Festgast der Stadt Weingarten war in diesem Jahr Bundeslandwirtschaftsminister Cem Özdemir (Grüne). Im Interview mit der „Schwäbischen Zeitung“ hat er über Tierwohl, Katholizismus und die Nachfolge Winfried Kretschmann gesprochen.

Herr Özdemir, Sie verstehen sich unter anderem als Tierwohl–Minister. Tierschützer fordern einen Blutritt ohne Pferde. Was halten Sie von einer Prozession zu Pferd?

Blutritt ist ja nicht jeden Tag. Und dass es den Pferden gut geht, ist im Interesse aller. Der Blutfreitag hat eine lange Tradition und ist ein lebendiges Bekenntnis zum Glauben, zur Heimat und zur Gemeinschaft. Ich finde es großartig, wie hier die ganze Umgebung mithilft, die Pferde unterbringt und sich um sie kümmert. Dahinter steckt eine immense Organisation, ein großes Kompliment dafür. Man kriegt es ja mit, wenn man hier durch den Flecken läuft: Alles schafft für die Prozession und freut sich darauf.

Aus den Reihen der Blutreiter gab es kritische Stimmen, warum man ausgerechnet den grünen Landwirtschaftsminister, der sich als „säkularen Muslim‟ bezeichnet, zu diesem katholischen Hochfest einlädt. Was sagen sie denen?
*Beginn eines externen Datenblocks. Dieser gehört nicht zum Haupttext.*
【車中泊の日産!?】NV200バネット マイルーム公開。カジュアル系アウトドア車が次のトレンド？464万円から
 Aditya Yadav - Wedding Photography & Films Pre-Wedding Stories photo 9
Die Heilig–Blut–Reliquie wird für alle sichtbar durch die Straßen getragen, durch die Felder — und wird eben nicht weggeschlossen, sondern allen zugänglich gemacht. Das ist doch etwas ungemein Verbindendes und darum geht es. Auch wenn ich kein gläubiger Christ bin, kann ich mich in die spirituelle Kraft einfühlen, die diesem Ritus innewohnt. Mir helfen solche Begegnungen, um mich und meine Gedanken ins Leben einzuordnen.

Die Tatsache, dass man mich als Ehrengast zu diesem Glaubensfest eingeladen hat, zeigt, dass hier Offenheit und Toleranz gelebt werden. Meine familiären Wurzeln liegen in der Türkei, wo leider — um es deutlich zu sagen — die Religionsfreiheit etwa von Christen mit Füßen getreten wird. Das finde ich ungeheuerlich.
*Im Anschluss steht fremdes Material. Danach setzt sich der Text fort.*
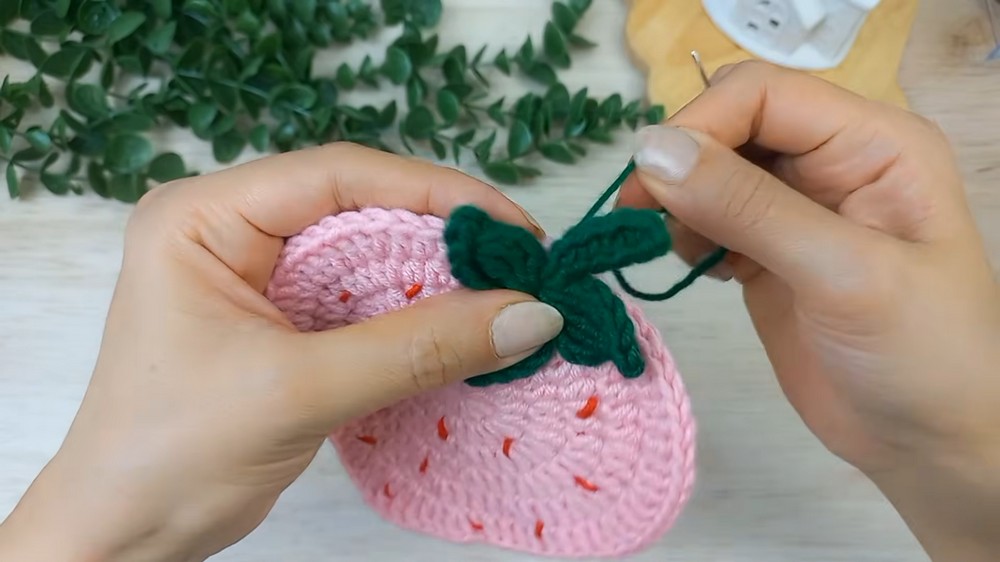 Crochet Strawberry Coaster Pattern 6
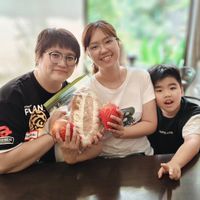 可能是顯示的文字是「 0S STREAL PLAN e AN P TAREAL STAYREAL SEAYREAL STAY REAI UFS.KIDS 」的圖像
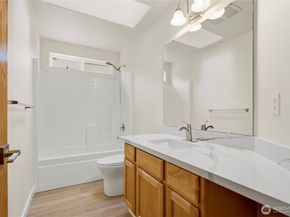 460 Ilwaco Avenue NE, Renton WA 98059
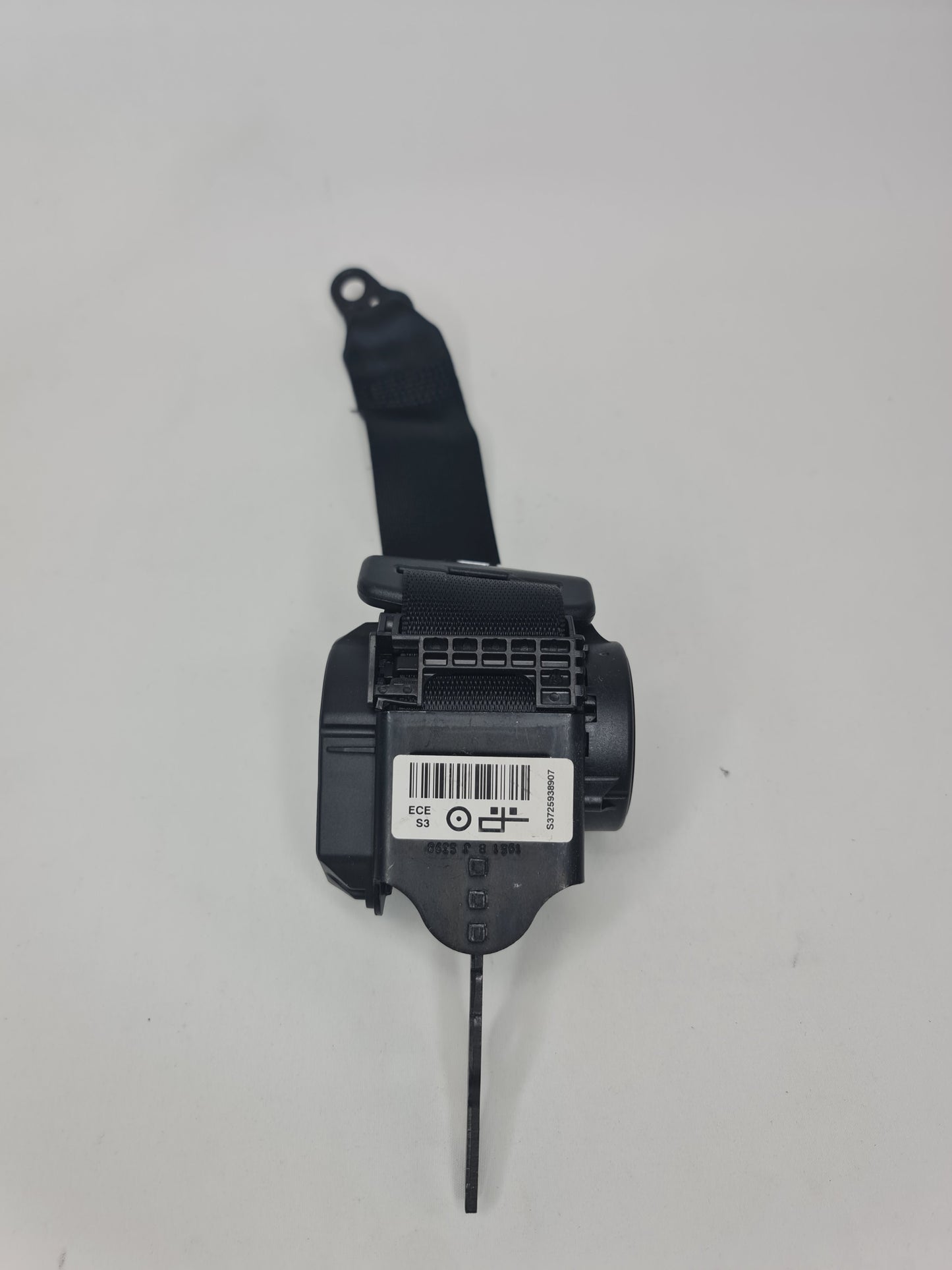 BMW 3 F34 Gran Turismo 2.0d 135Kw Rear Right Seatbelt 2014 619185300E - MPerformance.parts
Können Sie mit der oberschwäbischen Festkultur und dem katholischen Glauben an das Heilige Blut etwas anfangen?

Wenn man aus Urach kommt, von der schwäbischen Alb, dann stellt man fest: Die oberschwäbische Lebensart ist einfach barocker. Von den Bräuchen hier bin ich tief beeindruckt. Aber der Grund, warum wir hier sind, ist die Heilig–Blut–Reliquie. Für diejenigen, die daran glauben, ist es ein Wunder, dass sie so lange bewahrt werden konnte. Dass es die Reliquie von Mantua in Italien hierher geschafft hat und auch heute wieder eine Delegation aus Mantua da ist, macht sie nicht nur zu einem Symbol des Glaubens, sondern auch zu einem Symbol für Europa.

Wenn Cem Özdemir bei Traditionsveranstaltungen in Baden–Württemberg vom Rathausbalkon winkt, sieht mancher Beobachter einen Grünen–Politiker, der sich bereits für die Nachfolge von Ministerpräsident Winfried Kretschmann warm läuft…

Ich habe nie ein Geheimnis draus gemacht, dass ich ein Politiker aus „The Länd“ bin. Meinen Wahlkreis in Stuttgart habe ich mit fast 40 Prozent gewonnen. Insofern ist es für mich eine Selbstverständlichkeit, dass ich auch möglichst oft hier bin. Ich bin der einzige Bundesminister aus Baden–Württemberg und dem Land mit seinem Ministerpräsidenten Winfried Kretschmann sehr verbunden.

Sie schließen es nicht aus, sich um Kretschmanns Nachfolge als Ministerpräsident zu bewerben?

Das steht gerade nicht auf der Tagesordnung. Winfried Kretschmann und ich haben fordernde Aufgaben, denen wir uns jeweils mit allen Kräften widmen. Bei seinem 75. Geburtstag diese Woche hatte man das Gefühl, er sei in einen Jungbrunnen gestiegen. Er macht seinen Job großartig und wird das noch bis zum Ende der Legislaturperiode tun. Dann sehen wir weiter.